Setting up the problem
In order to solve the above problem, we define the following Lagrangian function to be minimized
$$
{\cal L}(\lambda,b,\boldsymbol{w})=\frac{1}{2}\boldsymbol{w}^T\boldsymbol{w}-\sum_{i=1}^n\lambda_i\left[y_i(\boldsymbol{w}^T\boldsymbol{x}_i+b)-1\right],
$$
where \( \lambda_i \) is a so-called Lagrange multiplier subject to the condition \( \lambda_i \geq 0 \).

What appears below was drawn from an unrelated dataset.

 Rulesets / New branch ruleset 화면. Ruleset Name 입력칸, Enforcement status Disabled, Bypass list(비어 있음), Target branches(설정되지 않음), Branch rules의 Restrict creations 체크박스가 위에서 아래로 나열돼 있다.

Taking the derivatives with respect to \( b \) and \( \boldsymbol{w} \) we obtain
$$
\frac{\partial {\cal L}}{\partial b} = -\sum_{i} \lambda_iy_i=0,
$$
and
$$
\frac{\partial {\cal L}}{\partial \boldsymbol{w}} = 0 = \boldsymbol{w}-\sum_{i} \lambda_iy_i\boldsymbol{x}_i.
$$
Inserting these constraints into the equation for \( {\cal L} \) we obtain
$$
{\cal L}=\sum_i\lambda_i-\frac{1}{2}\sum_{ij}^n\lambda_i\lambda_jy_iy_j\boldsymbol{x}_i^T\boldsymbol{x}_j,
$$
subject to the constraints \( \lambda_i\geq 0 \) and \( \sum_i\lambda_iy_i=0 \).
We must in addition satisfy the Karush-Kuhn-Tucker (KKT) condition
$$
\lambda_i\left[y_i(\boldsymbol{w}^T\boldsymbol{x}_i+b) -1\right] \hspace{0.1cm}\forall i.
$$
- If \( \lambda_i > 0 \), then \( y_i(\boldsymbol{w}^T\boldsymbol{x}_i+b)=1 \) and we say that \( x_i \) is on the boundary.
- If \( y_i(\boldsymbol{w}^T\boldsymbol{x}_i+b)> 1 \), we say \( x_i \) is not on the boundary and we set \( \lambda_i=0 \).
When \( \lambda_i > 0 \), the vectors \( \boldsymbol{x}_i \) are called support vectors. They are the vectors closest to the line (or hyperplane) and define the margin \( M \).